While the bank kept open its options for July, a string of influential policymakers, including board member Isabel Schnabel and Dutch central bank chief Klaas Knot have already made the case for a pause next month, suggesting the next window of opportunity for easing will be in September.
Economists expect another two rate cuts from the ECB this year, most likely in September and December, while markets are pricing between one and two additional moves – a big change from the start of the year, when more than five cuts were anticipated.
“Interest rate decisions will be based on its assessment of the inflation outlook in light of the incoming economic and financial data, the dynamics of underlying inflation and the strength of monetary policy transmission,” the ECB added. “The governing council is not pre-committing to a particular rate path.”
Conservative policymakers, who still appear to command a majority on the rate-setting governing council, have argued that the ECB is not in any hurry to cut since a rebound in the economy proves high rates are not choking off growth.
Part of their caution may be due to unexpectedly stubborn inflation.
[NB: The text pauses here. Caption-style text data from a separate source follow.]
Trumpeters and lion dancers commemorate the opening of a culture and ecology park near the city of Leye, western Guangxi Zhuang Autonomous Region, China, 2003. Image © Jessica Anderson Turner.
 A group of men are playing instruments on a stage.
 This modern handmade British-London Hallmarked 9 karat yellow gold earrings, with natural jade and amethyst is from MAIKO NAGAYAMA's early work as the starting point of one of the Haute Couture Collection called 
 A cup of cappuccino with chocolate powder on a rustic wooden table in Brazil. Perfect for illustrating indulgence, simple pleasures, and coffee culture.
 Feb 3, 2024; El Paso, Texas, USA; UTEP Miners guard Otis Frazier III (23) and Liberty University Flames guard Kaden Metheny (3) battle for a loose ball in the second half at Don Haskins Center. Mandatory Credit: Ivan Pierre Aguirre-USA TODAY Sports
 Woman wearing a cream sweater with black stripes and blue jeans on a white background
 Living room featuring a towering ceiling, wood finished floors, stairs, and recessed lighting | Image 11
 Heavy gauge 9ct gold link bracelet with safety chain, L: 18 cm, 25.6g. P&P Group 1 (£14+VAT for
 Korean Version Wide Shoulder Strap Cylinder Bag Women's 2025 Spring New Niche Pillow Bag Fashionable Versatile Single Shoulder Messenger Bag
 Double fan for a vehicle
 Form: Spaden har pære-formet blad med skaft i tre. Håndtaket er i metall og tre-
The ECB raised its 2025 inflation projection to 2.2 per cent on Thursday from 2.0 per cent.
“Despite the progress over recent quarters, domestic price pressures remain strong as wage growth is elevated, and inflation is likely to stay above target well into next year,” the central bank said.
Some economists say the biggest risk to the rate cut schedule is the US Federal Reserve, not wages and inflation.
The Fed has clearly signalled a delay in policy easing, and a further delay in US rate cuts is likely to make the ECB more cautious too, as a widening interest rate differential would weaken the euro and raise imported inflation.